I saw this idea on Pinterest and thought it would be cool to make for Eden’s room. We had an old lamp at home that had a silver base and wasn’t too dated. I figured the lamp itself would fit with the decor, but in order to pull this off, I needed to find a “drum shade” (one that has the same diameter at both the top and bottom without tapering). Strangely it was hard to find one. I finally found a brand new one on Kijiji for $5. It didn’t fit well, but I simply flipped it upside down and glued a rubber washer to the bottom edge. This slipped over the light bulb socket and the rubber made for a tighter fit, so the shade didn’t wobble. Once the bulb was screwed in, it was pretty much secured in place despite it not being a custom fit.
City Scape Lamp Shade:
- black drum shade
- image of a city skyline
- needle/pin or even a cake tester (something pointy)*
To make the city scape, I found a silhouette image on-line and then copied it and traced it onto my red shade. I was actually doing some trial and error because I did not find a tutorial for making it, just a picture of the finished product. I wasn’t sure if I should put the holes through the recovered shade or just have it shine through the holes of the red. So, I initially traced my picture on red and then poked holes through the red before I covered it in black. (In the end, I had to make the holes through the black as well as the holes weren’t very visible, so don’t do this as it was a waste of time. However, because the red would not be my finished surface, I traced directly onto the fabric. If I had already covered it, this would not have been an option. Instead, I would have cut out the city scape and then taped it to the shade. I would have then used it to create negative space without tracing.)
Once the city skyline is taped in place (in my case it was traced on red shade), begin to poke holes along the entire sky line almost like you are tracing it with pin pokes. I was a little tentative and made the holes quite small at first, but ended up going over them all a second time so that they allowed enough light to pass through. You need to create the skyline with the holes before adding random poke holes throughout the “night sky”. Basically your buildings become negative space and there are no holes in this portion, but you can randomly add holes anywhere above that line. Although I didn’t make an exact line across the top, I generally tried to keep a 3/4″ no poke zone that looks a bit like a top border even though the pokes are still random at the top.

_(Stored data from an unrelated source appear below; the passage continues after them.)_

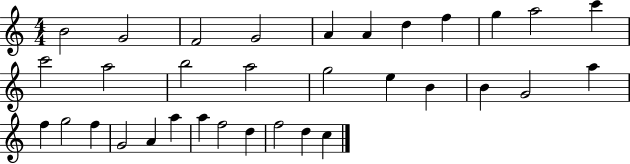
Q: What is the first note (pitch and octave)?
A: B4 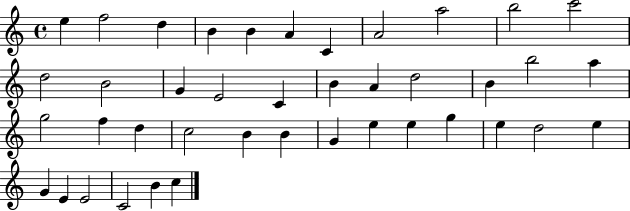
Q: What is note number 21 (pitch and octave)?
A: B5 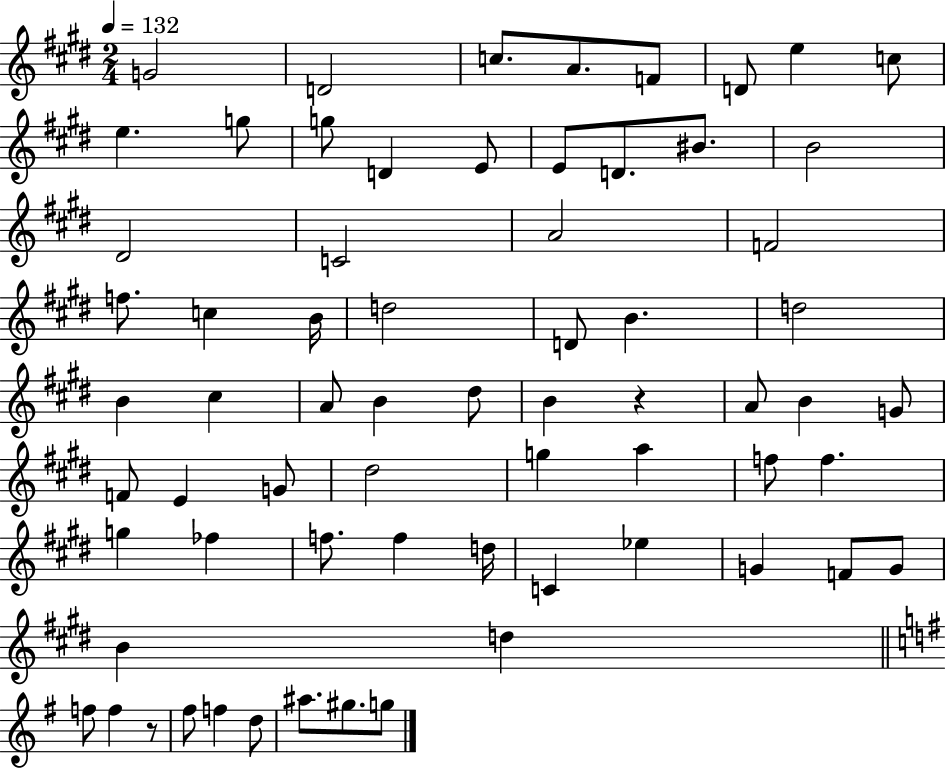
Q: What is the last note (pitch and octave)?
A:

Because mine was red and the colour wouldn’t work for the project, I picked up a few dollars worth of black taffeta at the fabric store. I used spray adhesive I had on hand and simply sprayed the shade lightly and then carefully laid the fabric over it to get even coverage. I folded over the top and bottom edges and then added a little rim of ribbon with my hot glue gun, along the inside edges. The finished ribbon edge sat just under the lip on the top and just above the lip on the bottom. It really isn’t visible from the outside, but gives the edge more of a finished look. The interior is still red, but it works because red is in fact the accent colour in her room.
The finished effect is a bit underwhelming, but I love how it adds to the overall theme in such a subtle way. It really adds to the ambiance of her sitting area.
*When poking the holes, I found that if the tool was tapered, it was easier to poke through and you could get a better hole in the end. I also found that my fingers got sore after a while and that the cake tester with the rounded end on it was easier to push through that the needle.